With the Internet, there's no publisher needed.  Originally all you needed was some knowledge of HTML and somewhere to host your content.  Now all you need is a LiveJournal account, or a Facebook account, or...and the ability to click a few buttons.  And type.  That's it.  Your writing is out there for all to see, and you didn't even need to write a proposal.

Now, I'm not claiming this is new thinking.  The internet as a printing press revolution surely is an idea nearly as hoary as the original printing presses themselves.  But I'd like to take it a step further and say: what are we producing with this technology?  Isn't it literature too?  And in fact, isn't it the heart of literature today?

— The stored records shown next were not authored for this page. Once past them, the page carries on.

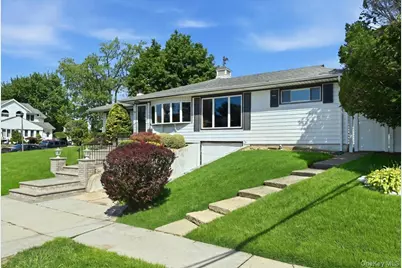 3695 Waverly Avenue, Seaford, NY 11783 - Photo 3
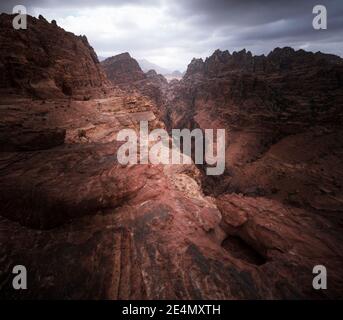 Paysages épiques scènes de la vallée du Rift à Wadi Musa / Petra, avec un ciel nuageux et spectaculaire rare dans le désert. Banque D'Images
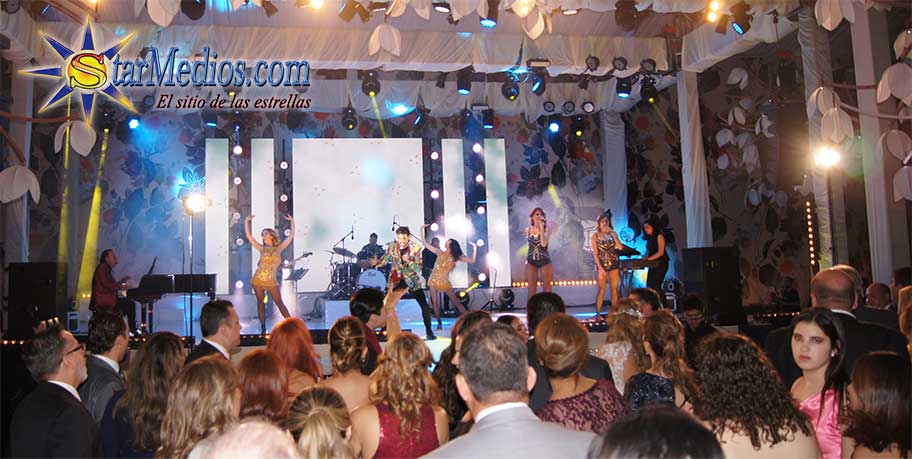 quinceanera con grupo musical contrataciones starmedios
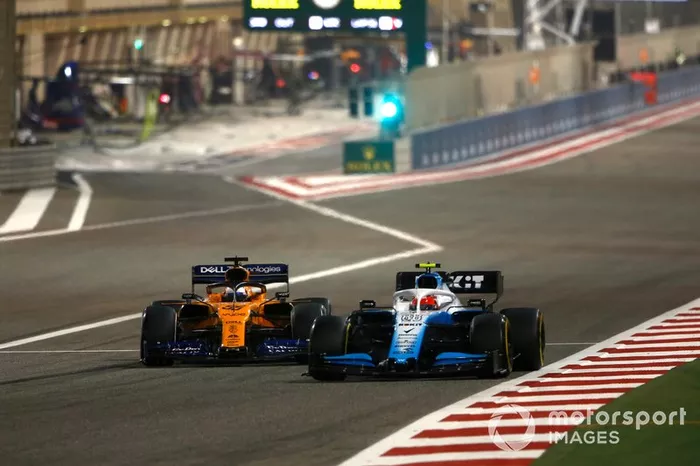 Robert Kubica, Williams FW42, leads Carlos Sainz Jr., McLaren MCL34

With the advent of the internet, publishing has become decentralized.  Instead of publication being squeezed through the narrow system of publishing houses, publication flourishes freely wherever there's a keyboard and an Internet connection.  Publication is no longer just the printing press, it's a laptop, a desktop, a cell phone.  It's no longer sequestered in giant printing facilities, it's in a dorm room, a library, a coffee shop.

And so I would like to argue that literature too is decentralized.  Let's return to our original definition of national literature: "the collection of texts which make it a whole nation."  Once upon a time, a handful of the texts coming out of publishing houses did comprise the texts that make a nation, representative of the national consciousness, perhaps because those were the only texts we really had.  But now with so much writing out for the world to see but outside the framework of publishing houses, can we really limit ourselves?  Why discount all that just because it's not what literature used to be?

We shouldn't.  The literature produced by technology is literature too, and that's why I'm here.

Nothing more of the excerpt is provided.